The past tense of “dive” exemplifies the quirky differences between American and British English. In Britain, this word is ostensibly “dived,” while Americans increasingly prefer “dove,” the latter likely formed via analogy from drive/drove (Insert joke about America’s auto-centric culture here).
However, it seems that the dived-dove distinction used to be something of a dialect marker in America. E. Bagby Atwood’s 1953 study A Survey of Verb Forms in the Eastern United States found that dove was chiefly Northeastern, used as the dominant form in New England, Upstate New York, and the Northeast corridor as far south as Wilmington, Delaware. In Central Pennsylvania, northeast Maryland, lowland areas of South Carolina, and a few other pockets, dived and dove were relatively interchangeable. Elsewhere in the Eastern US, presumably, dived was typical, along with more unusual forms like div and duv.*
So what’s happened since then? Well, I would hazard to guess that weird, wonderful old dialect forms like “div” and “duv” have waned significantly. But speaking purely from impression, it seems that “dove” has increased exponentially in the sixty years since Atwood’s study. It’s very difficult for me to say this with certainty, however, as we’re discussing an irregular past tense of a rarely used word for which I’ve found few straightforward studies.

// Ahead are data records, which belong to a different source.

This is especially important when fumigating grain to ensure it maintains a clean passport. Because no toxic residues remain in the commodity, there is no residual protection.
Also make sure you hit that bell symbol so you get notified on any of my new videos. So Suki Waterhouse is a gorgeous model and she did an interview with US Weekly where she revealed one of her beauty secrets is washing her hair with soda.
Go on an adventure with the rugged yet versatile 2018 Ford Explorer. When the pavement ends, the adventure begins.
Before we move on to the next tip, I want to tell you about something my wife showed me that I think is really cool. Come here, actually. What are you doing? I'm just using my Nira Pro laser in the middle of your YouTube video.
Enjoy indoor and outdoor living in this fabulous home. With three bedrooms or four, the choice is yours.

So what kind of evidence can be found? Although I’ve often used Google’s NGram Viewer to examine unusual words, I have very little faith in their “American English Corpus.” So I attempted a wholly unscientific test which I call the “first 100 tweets” experiment, whereby one searches for a word on Twitter, looks up the first 100 tweets that use said word, then breaks down the tweets by nationality. After looking up 36 tweets, the ratio was a whopping 17 tweets in the UK using “dived” vs. only 2 tweets from America.
I unfortunately gave up at that point, when it became clear that data (so to speak) was going to be skewed by two important factors. First, the majority of tweets using “dived” involve Association Football (i.e. Soccer), and given the sport’s greater popularity in Britain than North America, it would likely distort things; it’s reasonable to think that, given that “dive” is a word with a particular meaning in the sport, American soccer fans might use “dived” as well.

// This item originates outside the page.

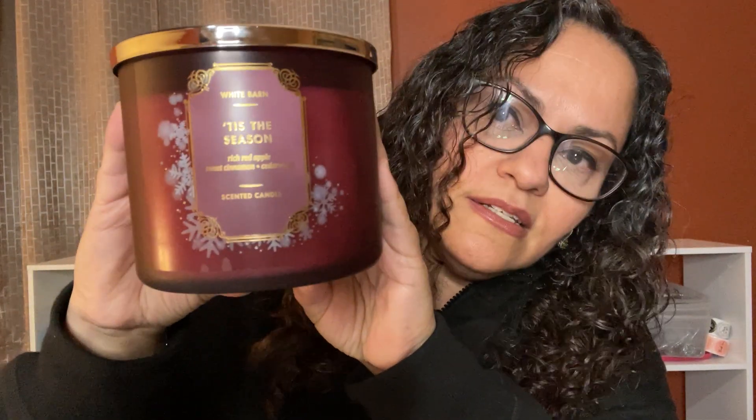This one is Tis the Season — look how pretty! I love it. It smells so delicious. This one has rich red apple, sweet cinnamon, and cedar wood. I can't make up my mind which one I'm going to burn on Christmas Eve.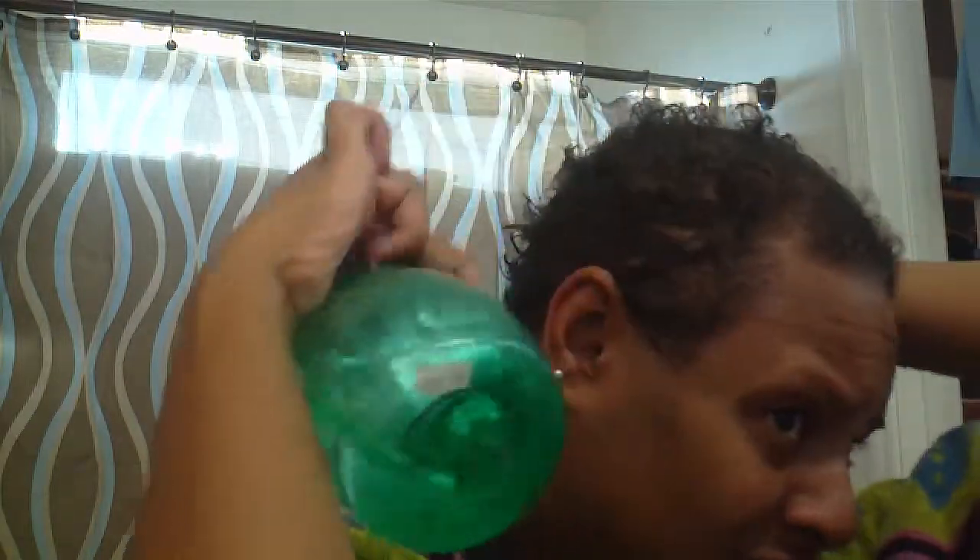Coming to you from the favorite place on YouTube — the bathroom. Thank God you cannot see the rest of the bathroom because it is a mess. So I want to get a towel here, and then I have some water in a bottle. I'm just going to look in the mirror and spray my hair, get it really really wet. You just want to saturate it without getting your clothes wet.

Second, “dived” is almost certainly used by Americans in compounds such as “scuba dived,” “sky dived,” and “nose dived,” (as opposed to the bizarre-sounding “scuba dove,” “sky dove,” and “nose dove”), which again, would almost certainly make American “dived” usage difficult to assess.
So although the repeated assumption is that “dove” is the unmarked form in America, I can’t be 100% certain there aren’t still Americans who use “dived.” Yet if “dove” is now widespread in the US, why did “dived” so quickly recede? And why did this not occur in Britain?
*An important caveat: I have not read the study itself (it’s old and unavailable online except for the odd used copy sold on Amazon), only its description in R.L. Trask’s Historical Linguistics.
…just to throw a spanner in the works, I’m fairly sure I – English-English speaker – use ‘dove’. (It’s hard to tell when you’re thinking about it!) I suspect the anomalous strong-verb form is Germanic influence in my case, either a northern-England thing or more directly as I have German-speaking family.
Agreed that it isn’t unusual in the UK, though definitely one of those areas some priggish grammar nazis enjoy picking up on, so not quite standard either.
Have there been any studies about irregular vs. regular verbs and perceived “properness?” Irregular verbs as a whole are declining though…
I entered the phrase “he dove” into the NGram Viewer and it seems to have first appeared in about the 1830s. While it doesn’t say exactly where it arose, that’s certainly long before American car culture. Although the “drive/drove” derivation in America could have come from driving cattle, perhaps?
By the way, have you noticed a considerable flaw in this NGram Viewer? From the late 1600s through about 1800 it was common for the sibilant letter s to be printed very similar to the letter f, and since Google is using optical character recognition to produce these graphs, the results can be quite skewed. To take a mild example, enter the word “muft” into this tool and there’s a big spike throughout that period, when obviously the actual word is “must”.
And there’s also a big trough for “Shakespeare” along with a big rise for “Shakefpeare”.
There are actually numerous considerable flaws in the NGram Viewer! Its attempt to extract American and British corpora is largely a failure, it has exhibited numerous issues with publication dates (although these have been rectified somewhat over the past year or so), and as you mention, it has trouble with non-standard orthography. I still find it useful for looking at broad trends, but I’m wary of attempts to use it for any kind of fine-tuned analysis.
Yes, still fascinating for larger trends!